Metro style for ILSpy

Prologue

First, there was ILDASM, and it was good. Then there was Anakrino, and it was better. Then, there was Reflector and it seemed as if the world of .NET class browsing and decompilation had reached its zenith. From time to time I found something new to surprise and delight me. Reflector was fast, useful and showed a depth of features and progressive refinement that meant I never had to think twice about what tool to use for a .NET class browser (like the one in visual studio? You’ve got to be kidding!) Then red-gate bought reflector from Lutz (the original author) and I was a little un-easy. Red-Gate were (and are?) well regarded in the SQL Server tools space, and their head honcho Neil Davidson was often doing good things in the microISV community. Bugs started to creep in (like one time it perpetually wanted to update, and then crashed on update), and it tried to up-sell me to the ‘Pro’ version, with features I didn’t really think I needed. Then on February 2nd 2011 Red-Gate announced that reflector would no-longer be free. The developer reaction was as swift as it was vehement. To paraphrase a friend of mine (who was talking about timesheets at the time I think) it wasn’t so much the money that he objected to, but the lying. Some people say you can’t put a price on trust, but red-gate did – $35. Red-Gate had said quite clearly when they took over the reigns of reflector that they intended to continue to make it available for free, and had reneged on that commitment. There were some dissenting voices that pointed out that I spend more than $35 on coffee some days (which is completely untrue, the most I’ve ever spent on coffee in one day has got to be only about $30…totally fucking different).
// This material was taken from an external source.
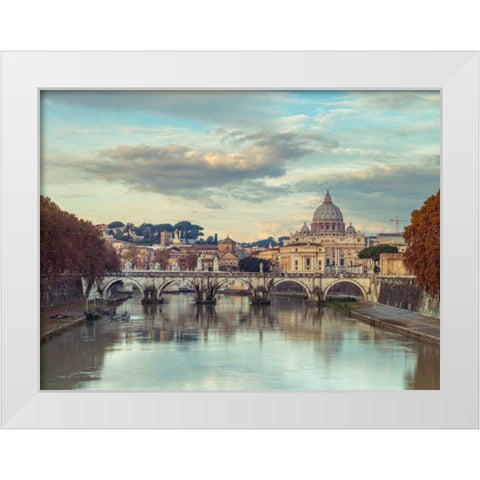 View of Basilica di San Pietro in Vatican, Rome, Italy White Modern Wood Framed Art Print by Frank, Assaf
I, like many other developers started canvassing around for a replacement to reflector. In the ensuing weeks a number of free and commercial applications were announced looking to step into the power vacuum left by reflector, many of them based on the excellent work done by the MONO project with their Cecil decompiler.

In no particular order we have:

and many others

Shortly afterwards red-gate reversed some of their decisions regarding reflector, but the damage had been done, the cat was out of the bag, wheels had been set in motion, and a million other clichés that you’d normally avoid like the plague meant that the whole house of cards was ready to fall like dominoes, or something like that.

ILSpy Goes Metro

In case you hadn’t guessed from the title I chose ILSpy, figuring that I was less likely to find myself in the same predicament I currently found myself in if I chose something that I could hack on myself. ILSpy works much like reflector does, and I was soon browsing inheritance hierarchies with glee, except for a few small UI warts that kind of annoyed me with ILSpy. No matter, I thought, I have the source code, I know C# and have some familiarity with WPF. I’m sure I can manage.

This is what the main-line official build of ILSpy looks like

original

One thing led to another, and this is now what my custom build of ILSpy looks like.

ILSpy7

The great thing about ILSpy is, it is really easy to hack on. The other developers (which I’ve never spoken to or communicated with, so I’m basing this purely on the source code) seem more interested in building real features than adding UI accoutrements and pushing pixels (which is really my strong suit). Special thanks must go out to Paul Jenkins and his MahApps.Metro control templates (I see now that I should upgrade to 0.3). Thanks also to Derek Orr and Mike Wise for some UI suggestions, some of which I haven’t had time to implement yet. The Metro Design Language may not be to everyone’s tastes, and to those people I say “sod off”.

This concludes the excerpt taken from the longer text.